_Task directions_
A faithful copy of all the data is the goal; omit the pictures.

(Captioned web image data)
__________________________________________________

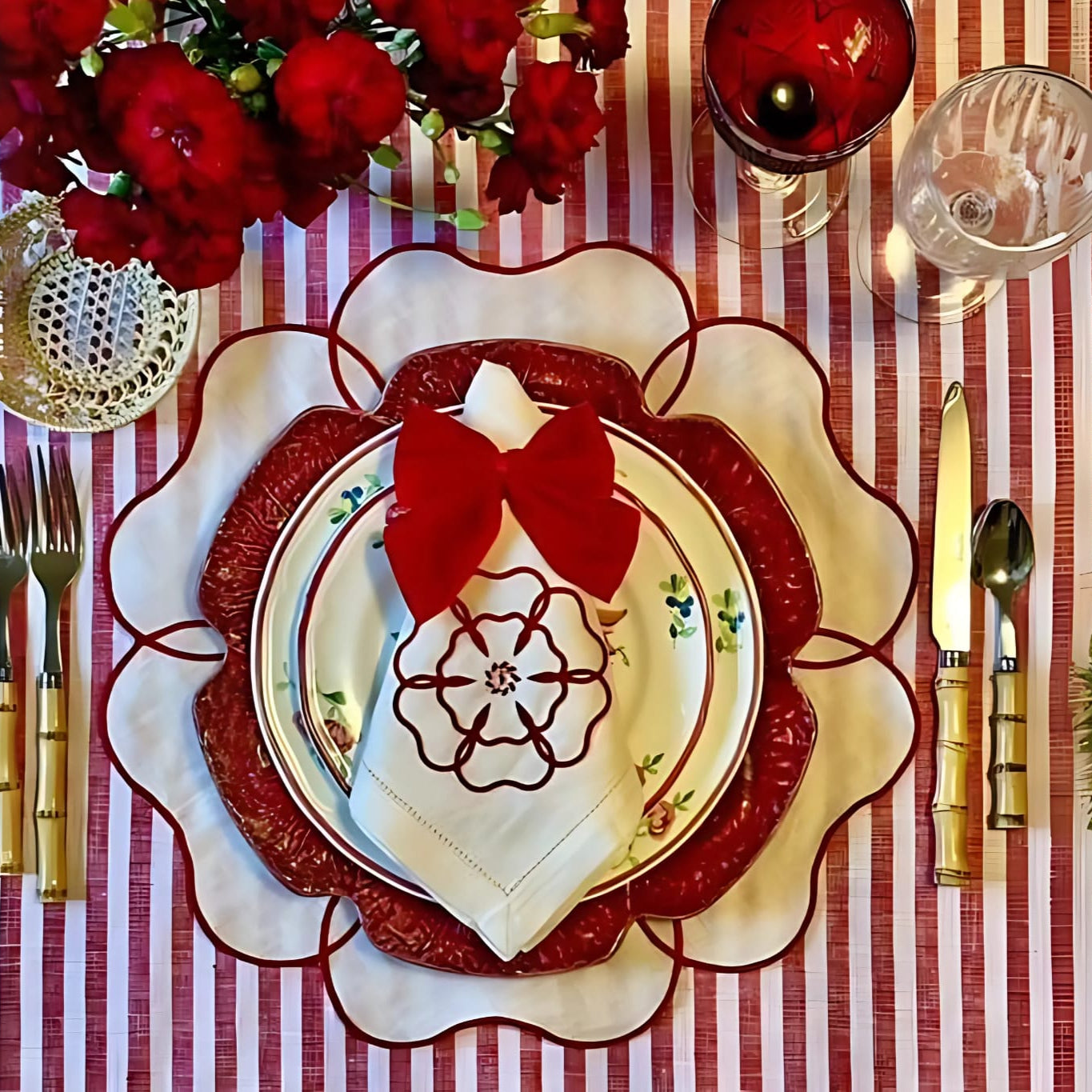 Floral Red Linen Placemat & Napkin Set for Stylish Table Decor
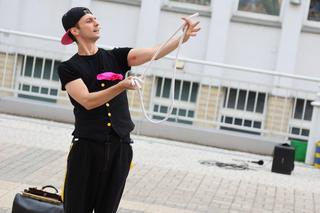 Carnaval Show w Plazie w Lublinie. Było zianie ogniem, pokaz iluzji i żonglerki oraz spektakl aerialowy!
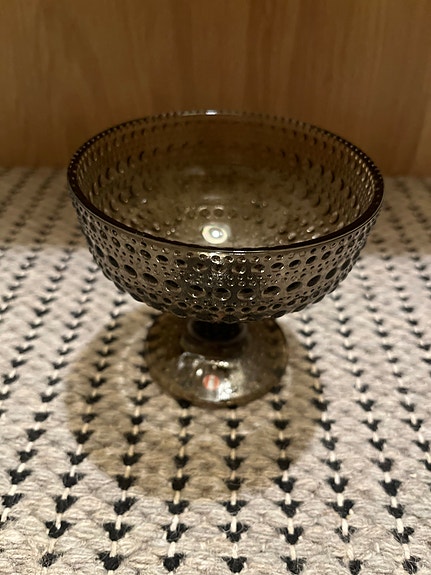 Iittala Kastehelmi jälkiruokamalja harmaa lasi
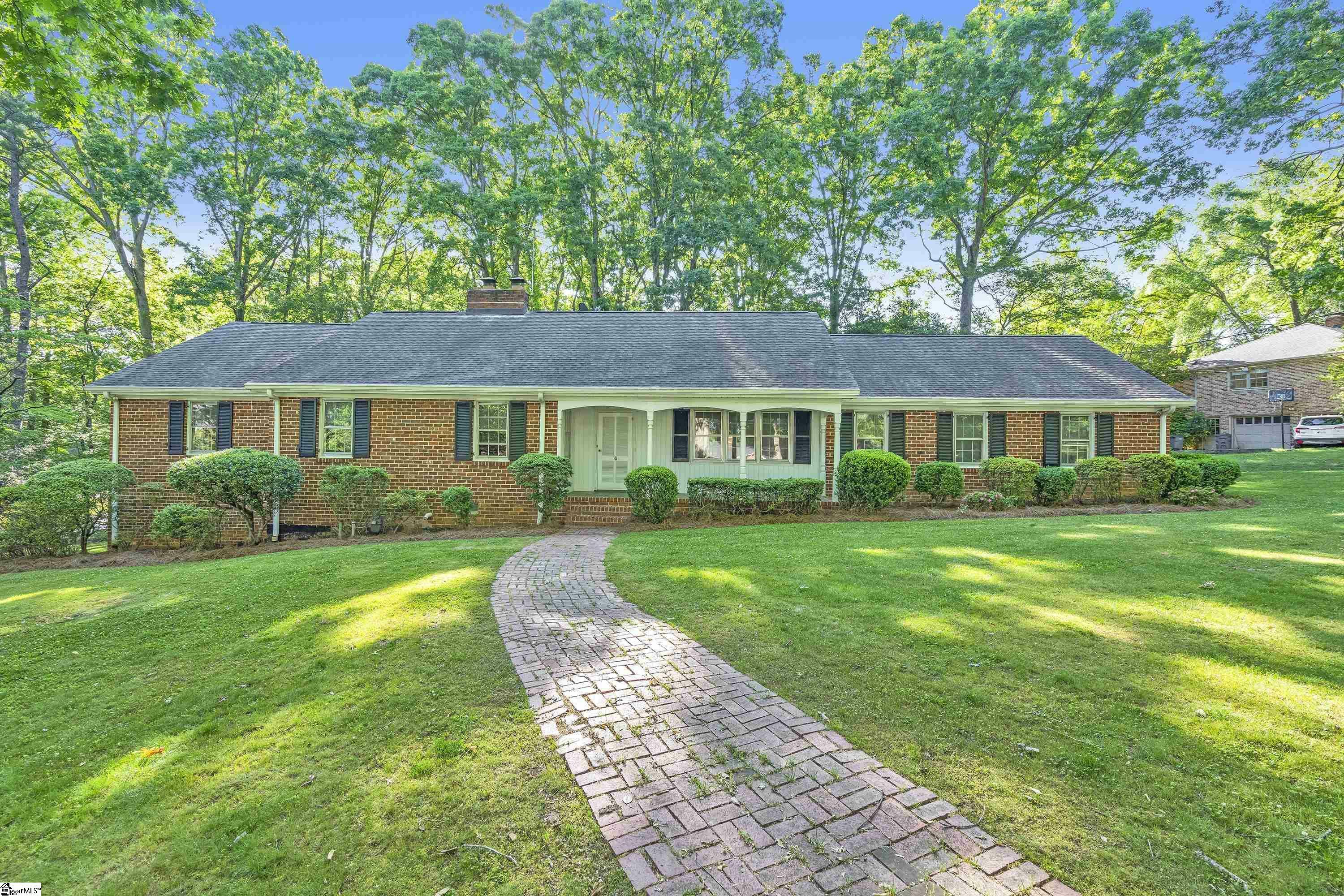 Property Photo:  10 Broadmoor Drive  SC 29615 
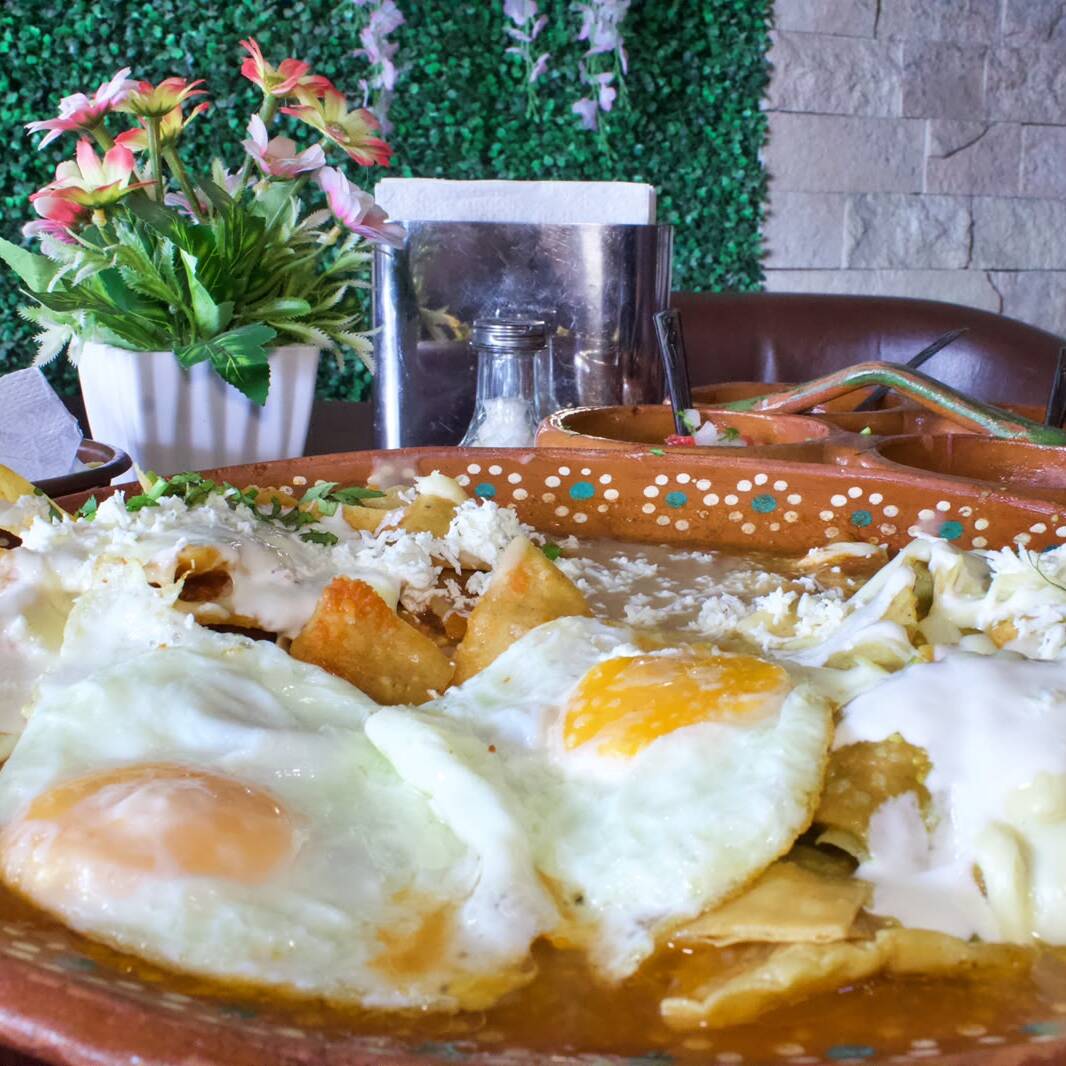 Chilaquiles Rojos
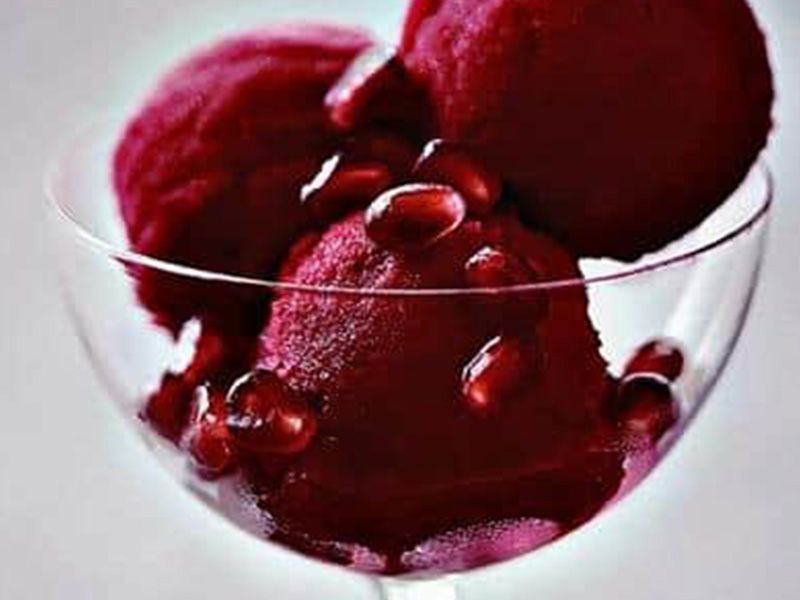 Pomegranate Seeds With Ice Cream Box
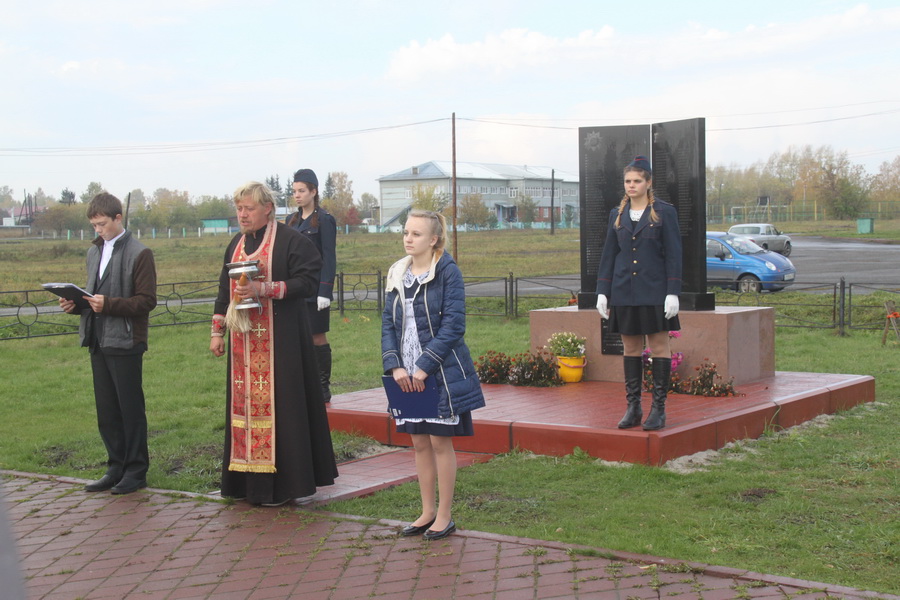 В Кемеровском районе открылись три памятника «Дважды победителям»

__________________________________________________

_Answer section_
 Floral Red Linen Placemat & Napkin Set for Stylish Table Decor
 Carnaval Show w Plazie w Lublinie. Było zianie ogniem, pokaz iluzji i żonglerki oraz spektakl aerialowy!
 Iittala Kastehelmi jälkiruokamalja harmaa lasi
 Property Photo:  10 Broadmoor Drive  SC 29615 
 Chilaquiles Rojos
 Pomegranate Seeds With Ice Cream Box
 В Кемеровском районе открылись три памятника «Дважды победителям»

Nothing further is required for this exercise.